Friday, March 30, 2012

Allen Ginsburg's Father and His Surprising Reaction to "Howl"


Christopher Bram's new book, Eminent Outlaws: The Gay Writers Who Changed America is packed with great stories of the gay literary powerhouses who rose to prominence after World War 2 - Edward Albee, Tennessee Williams, Truman Capote, Gore Vidal, James Baldwin, and more.

But I'll remember the book for the amazing quote from Allen Ginsberg's father - Louis Ginsberg - who was himself a poet and college teacher. After that fateful first reading of "Howl" on October 7, 1955 Ginsberg sent a mimeographed copy of the completed poem to his father. The poem was shocking, sexual explicit, ground-breaking in its substance and style. As author Christopher Bram writes: "Louis Ginsberg's response was both perceptive and prescient."

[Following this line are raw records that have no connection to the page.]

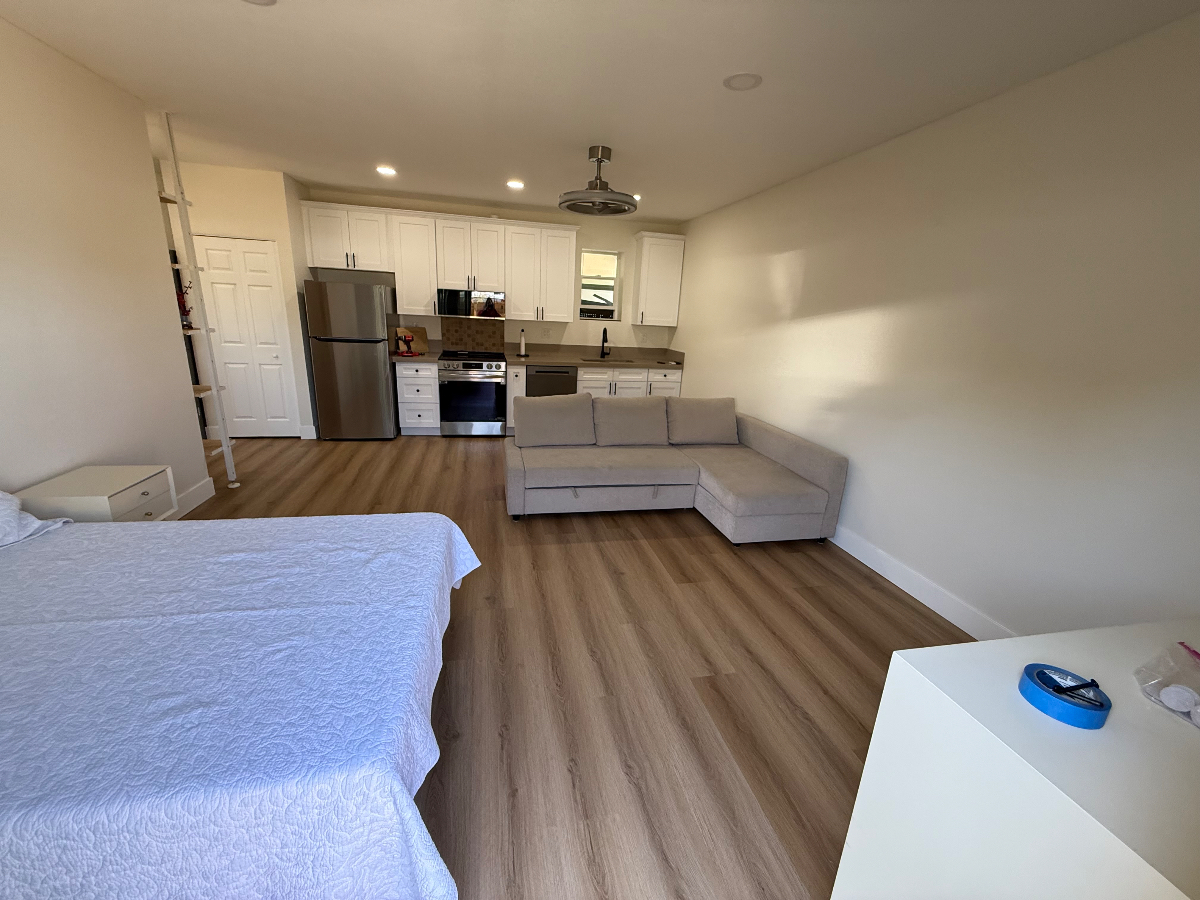 New Modern Studio - Photo 6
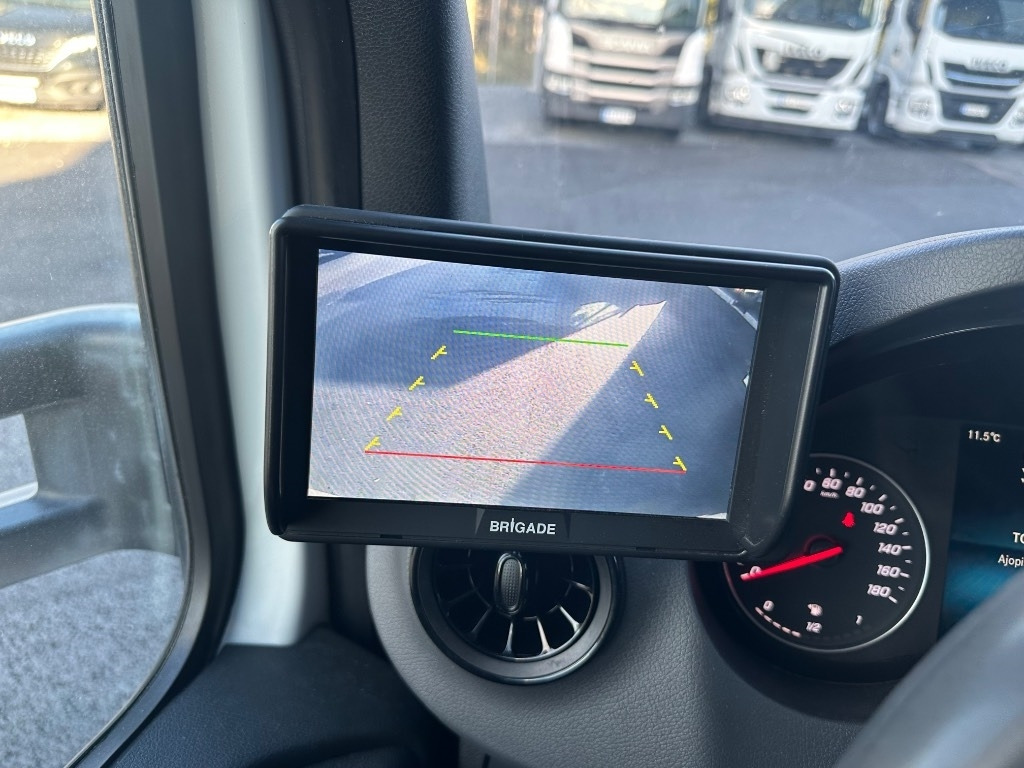 Closed box van Mercedes-Benz Sprinter 516 Nouseva kori: picture 23 Closed box van Mercedes-Benz Sprinter 516 Nouseva kori: picture 23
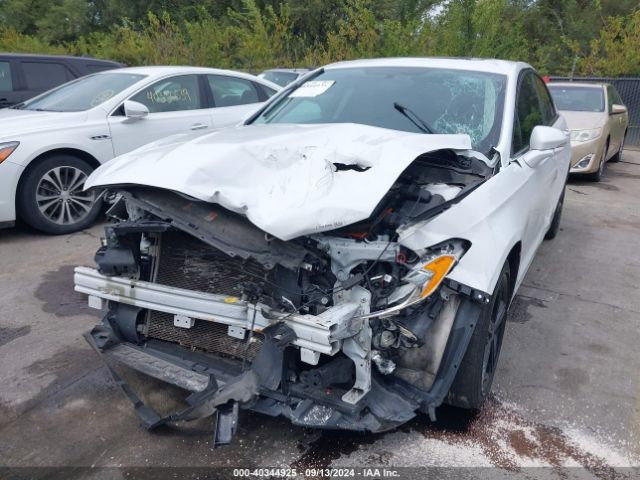 3FA6P0H72GR290328 Ford FUSION SE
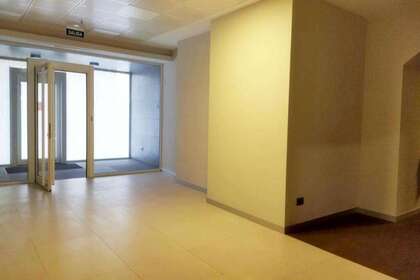 Commercial premise for sale in Vigo, Pontevedra. 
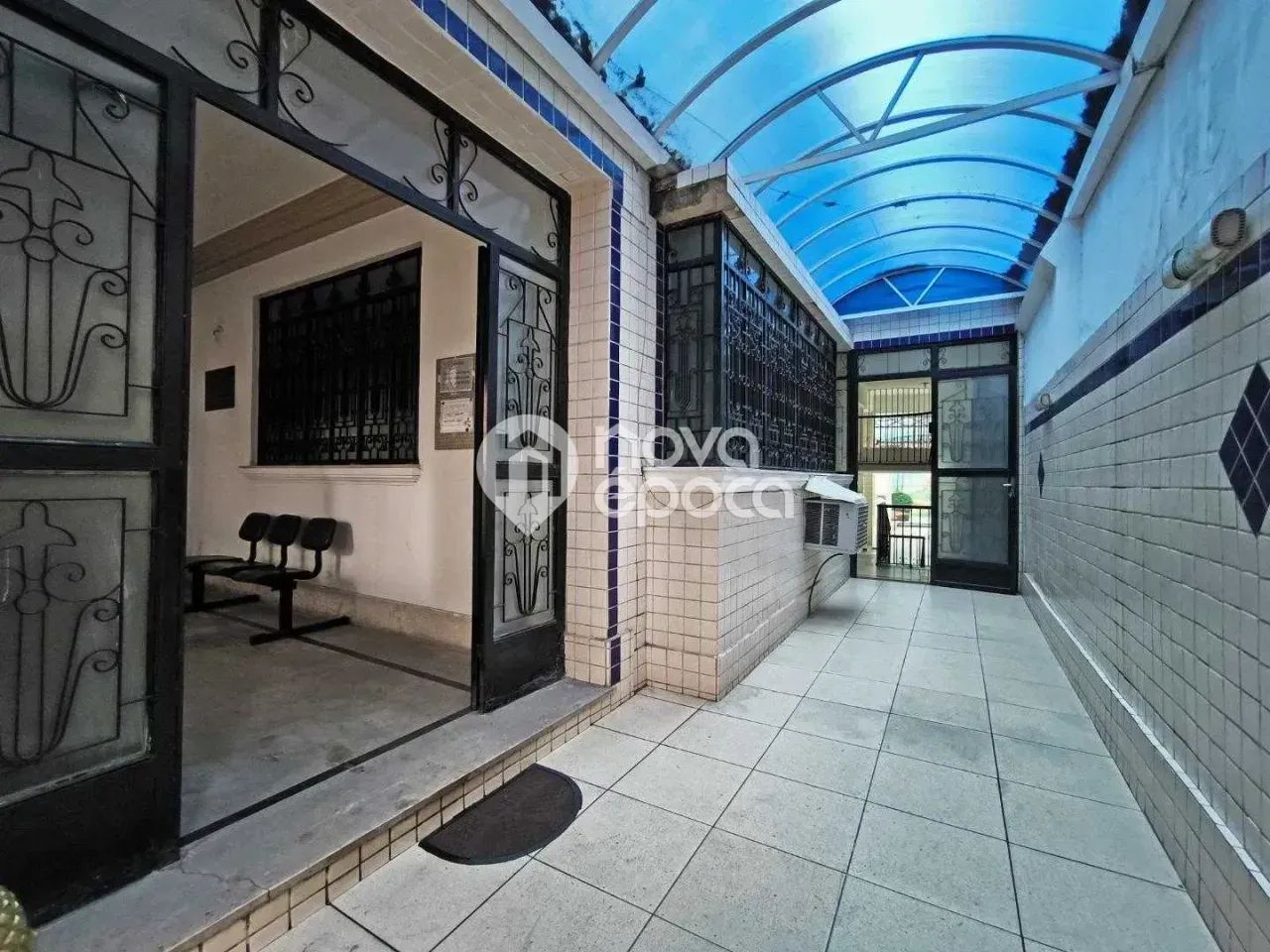 Casa para venda com 8 quartos em Tijuca com 444m²
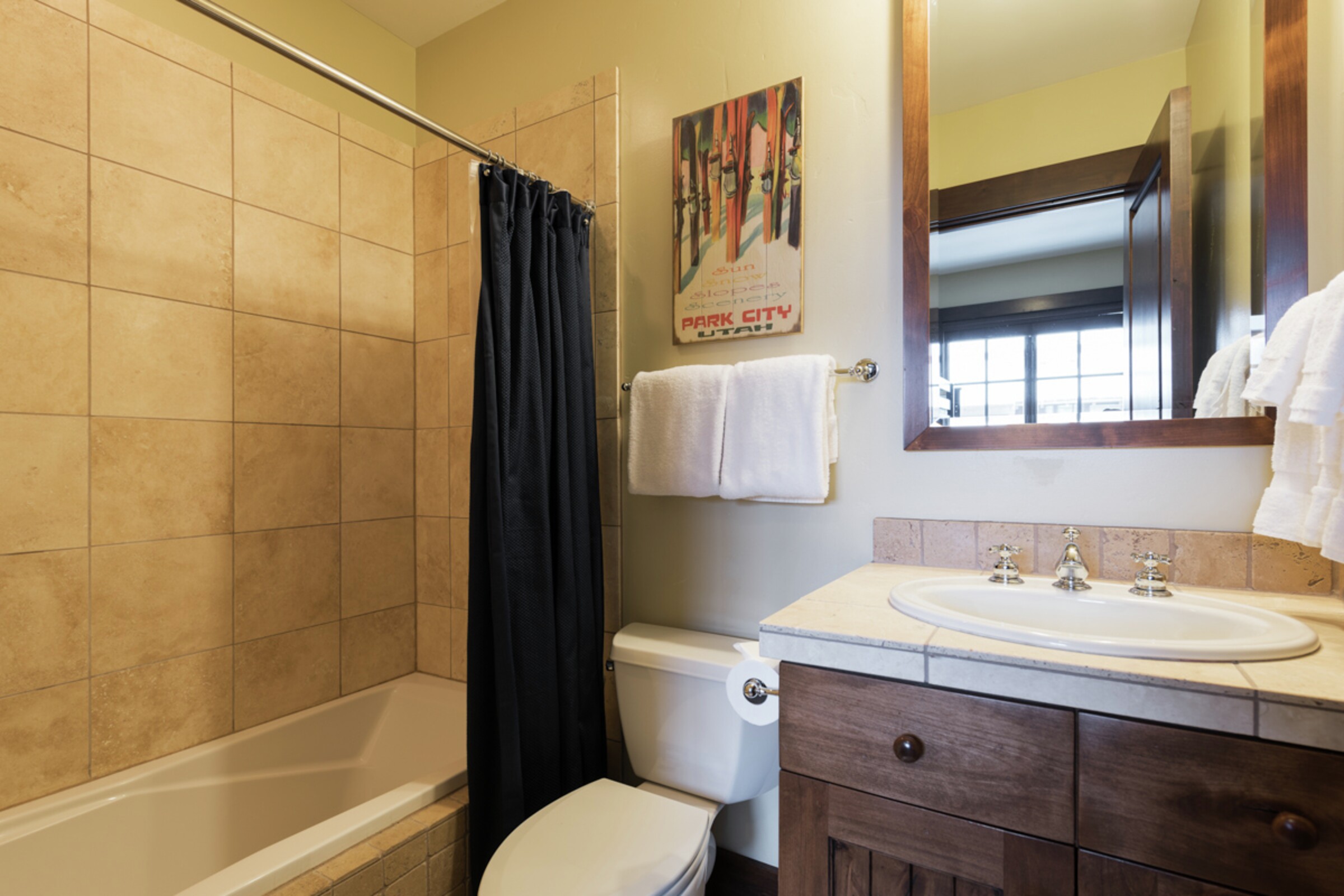 #4202 - Ensuite Bathroom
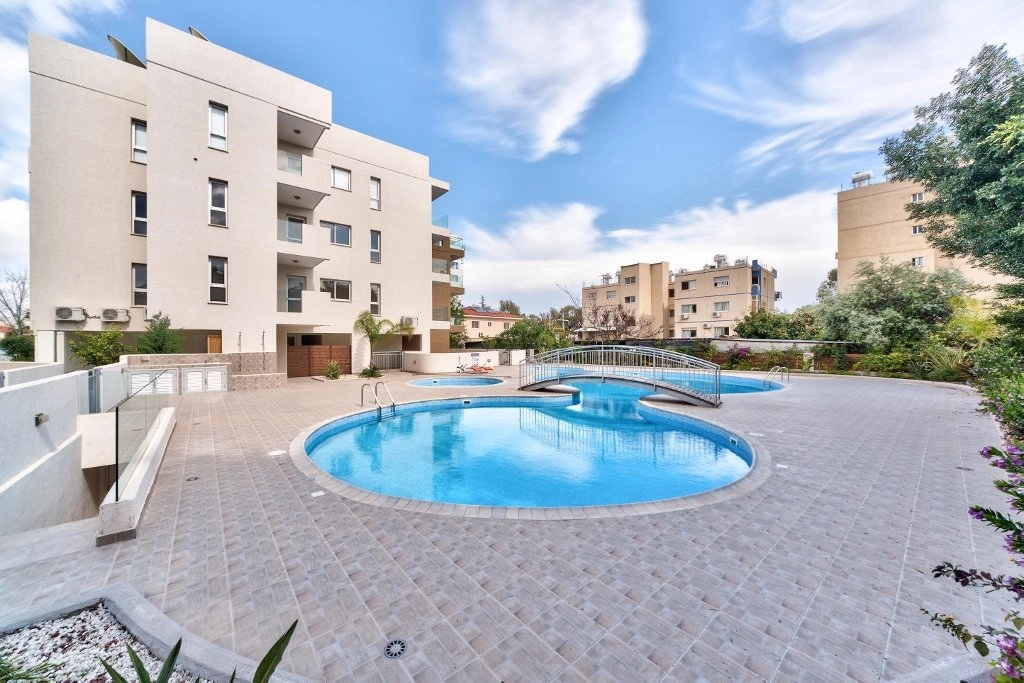 2 Bedroom Apartment for Rent in Potamos Germasogeias, Limassol District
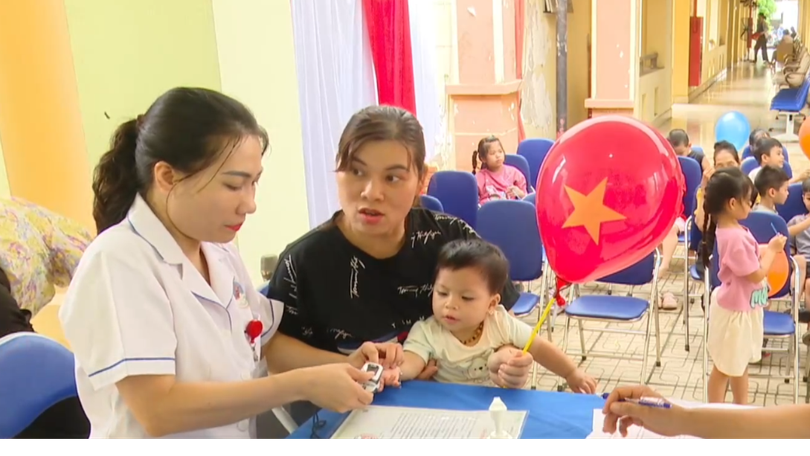 Xã Đa Phúc khám sức khoẻ định kỳ cho trẻ em dưới 6 tuổi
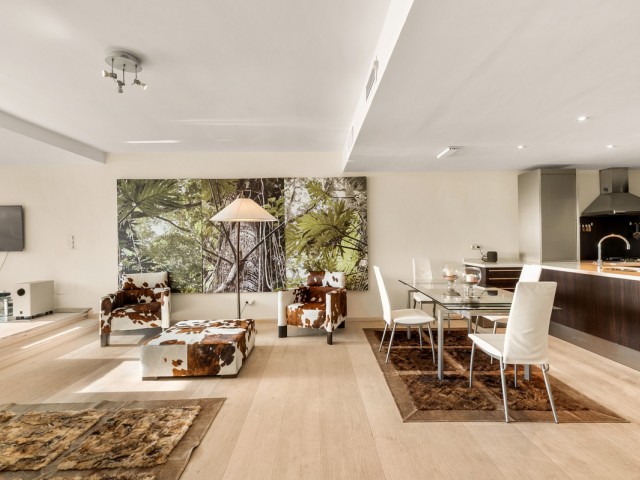2 Bedrooms Apartment in Puerto Banús
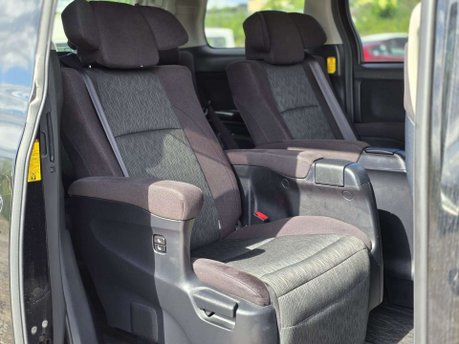 Toyota Alphard Auto+Petrol+7Seats 18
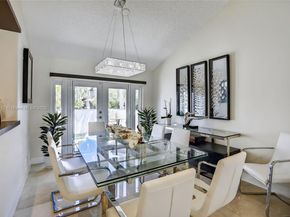 1154 Laguna Springs Dr, Weston FL 33326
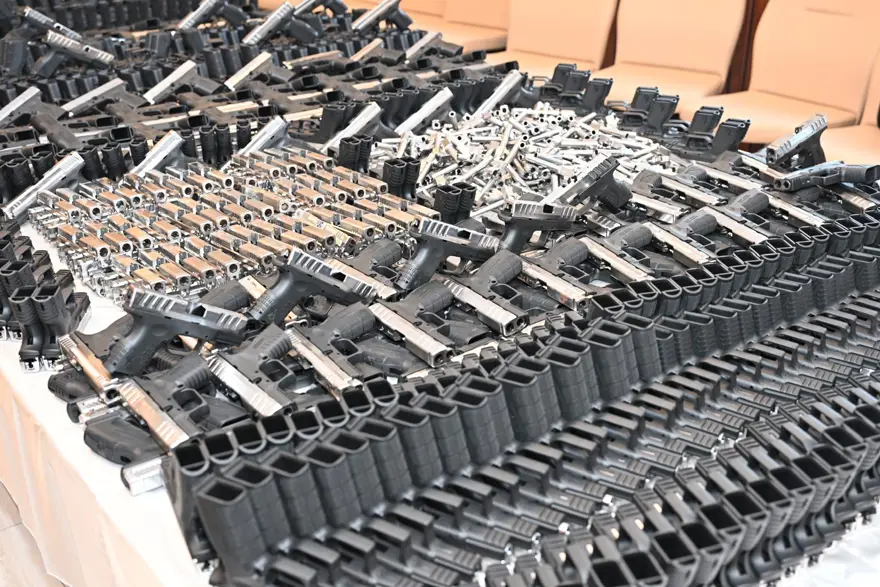 Toprağın altından cephanelik çıktı! Çuval çuval silah parçaları ele geçirildi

My expression, at first blush, is that it is a weird, volcanic, troubled, extravagant, turbulent, boisterous, unbridled outpouring, intermingling genius and flashes of picturesque insight with slag and debris of scoriac matter. It has violence; it has life; it has vitality....The poem should attract attention and perhaps be a sensation; one will hear defenders and detractors. But it should give you a name. (page 33)

And indeed Louis was right on all counts. The book is full of just such amazing quotes, startling anecdotes and fresh insights into the work of these authors, who so shaped our country's literary landscape.